Tilley was the subject of ridicule by two advertising industry blogs and the possibility that the harsh criticisms posted about him could have influenced his decision to take his life cannot be ruled out.
While there are quite a few interesting issues to consider when discussing user-generated content, perhaps one of the most interesting is the role advertisers play in the ethics of user-generated content.
Advertisers often demonstrated a love-hate relationship with user-generated content. They typically feel uncomfortable having their brands associated with content that they can't control but at the same time are interested in leveraging the massive audiences that many online user-generated content properties have amassed.
One of the blogs that had been highly critical of Tilley is AgencySpy, which is owned by Mediabistro.com.
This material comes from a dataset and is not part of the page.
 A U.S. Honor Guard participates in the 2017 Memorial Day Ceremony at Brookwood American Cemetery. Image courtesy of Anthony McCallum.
Mediabistro.com was acquired by Jupitermedia, a publicly-traded company, in July 2007.
According to the New York Times, AgencySpy has benefited financially from the news about Tilley's death:
"AgencySpy’s writer said that traffic had “obviously grown” and that advertisers on the site — which last week included IAC/InterActiveCorp and The Wall Street Journal — had not complained."
While I'm not necessarily a fan of the quality of reporting that takes place at many mainstream news outlets, I've never, for instance, opened up an issue of Advertising Age and found articles containing scathing personal attacks on individuals in the advertising industry.
That such scathing personal attacks are a boon to business for online properties highlights the fact that, in the world of user-generated content, it's often more profitable to lower standards than to raise them.
Nasty attacks attract eyeballs which in turn attract advertisers.
Should advertisers be cognisant of this? Clearly, executives at IAC and The Wall Street Journal would never condone activity that could have directly led to a suicide, yet the fact that their brands were pulled into the New York Times' discussion of this tragic incident highlights the fact that user-generated content can be a risky proposition for advertisers.
The challenge advertisers face with advertising on properties containing user-generated content is that the editorial and ethical standards implemented vary greatly from property to property.
While newspapers, for instance, tend to have policies that are quite similar, blog properties, on the other hand, show no such consistency.
I would suggest that serious online properties need to change this.
Even if scathing personal attacks about Paul Tilley didn't contribute to his suicide, the fact that questions have been raised should be a wake-up call to a new media industry that likes to position itself as a viable contender to old media.
Advertisers should be demanding that the properties they choose to do business with provide some sort of information about their editorial and ethical policies.
At the end of the day, advertisers would be wise to ask for more than a large audience and online properties shouldn't be gathering their audiences by dropping their standards.
When advertisers and new media properties raise their standards, the outcome should be better quality, better results and less risk.
How can new media complain about that?